(A) Effects of adaptive batch size. Training loss, test accuracy and batch size from top to bottom against accessed examples for the Street View House Numbers dataset. Green, blue and grey are constant batch sizes, red uses an alternative batch size adaptation criterion, orange, corresponds to the coupled adaptive batch size (CAPS) introduced in [ ]. (B) Top and middle are validation and test loss for validation based stopping (red) and evidence based criterion [ ]. Criterion is shown in bottom. The blue bar is the proposed stopping point.
Machine Learning is an important tool for Computer Vision. After the success of Deep Neural Networks(DNN)s in image classification tasks, many other tasks were solved using DNNs. However, working with deep learning, researchers are confronted with many problems related to implementation, hyper-parameter selection, training time, training data and computation time that seek to be solved.

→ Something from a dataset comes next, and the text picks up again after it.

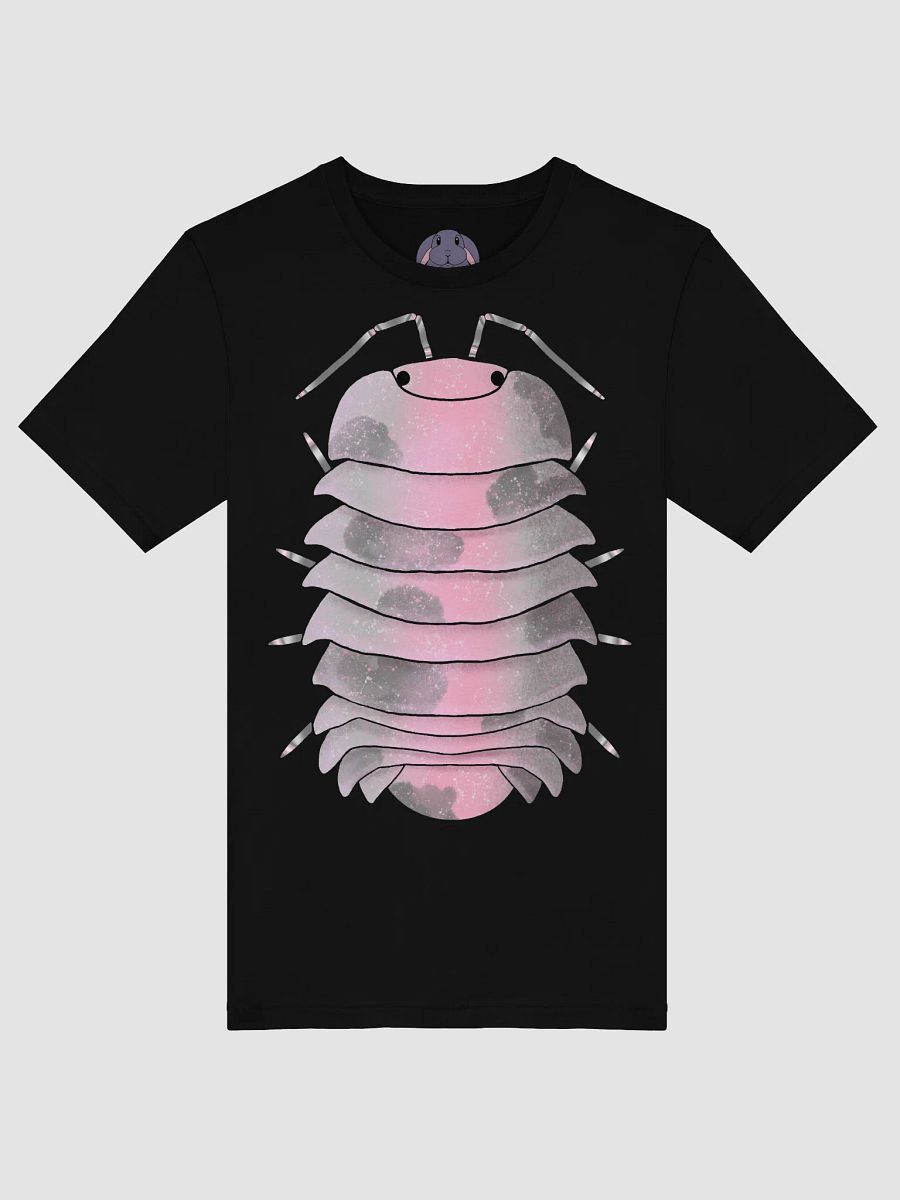 Demigirl Isopod Shirt product image (29)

Writing code for a deep learning project is often very time consuming.. Even though, Caffe has many disadvantages in comparison to other frameworks, many works are still written using Caffe. For example it's missing a full Python interface and relies heavily on configuration files. To address these issues we developed Barrista [ ], a wrapper for Caffe, that offers full pythonic control over Caffe.
Another difficulty that researchers working on deep learning have to face is the large amount of training data needed. This problem becomes even more serious, because a validation and test set is needed to avoid over-fitting. In new work, we show an alternative to a validation set for early stopping. The criterion depends on fast-to-compute local statistics of the gradients. By these means it is possible to decrease the problem of small training sets [ ].
Training neural networks comes with many hyper-parameters that must be chosen, which is often a time consuming process. Mini-batch stochastic gradient descent and variants thereof are the standard for training neural networks. The batch size is commonly chosen based on empirical inspection and practical reasons. However, the batech size determines the variance of gradient estimates and therefore influences strongly the behavior of the optimization process. Further, the variance changes during optimization. Because of these reasons we propose a dynamic batch size adaptation in [ ]. It leads to faster convergence and simplifies the learning rate tuning.
Many Computer Vision problems can be formulated as a graph partitioning and node labeling task. But the resulting problem, known as minimum cost node labeling multicut problem, is proven to be NP-hard. In order to get a reasonably fast Computer Vision algorithm heuristics are needed to solve minimum cost node labeling multicut problems. In [ ] we propose two local search algorithms that converge to a local optimum. Both of which achieve state-of-the-art accuracy achieved for the tasks mentioned above. The general formulation enables the usage of this method by researchers for many different tasks.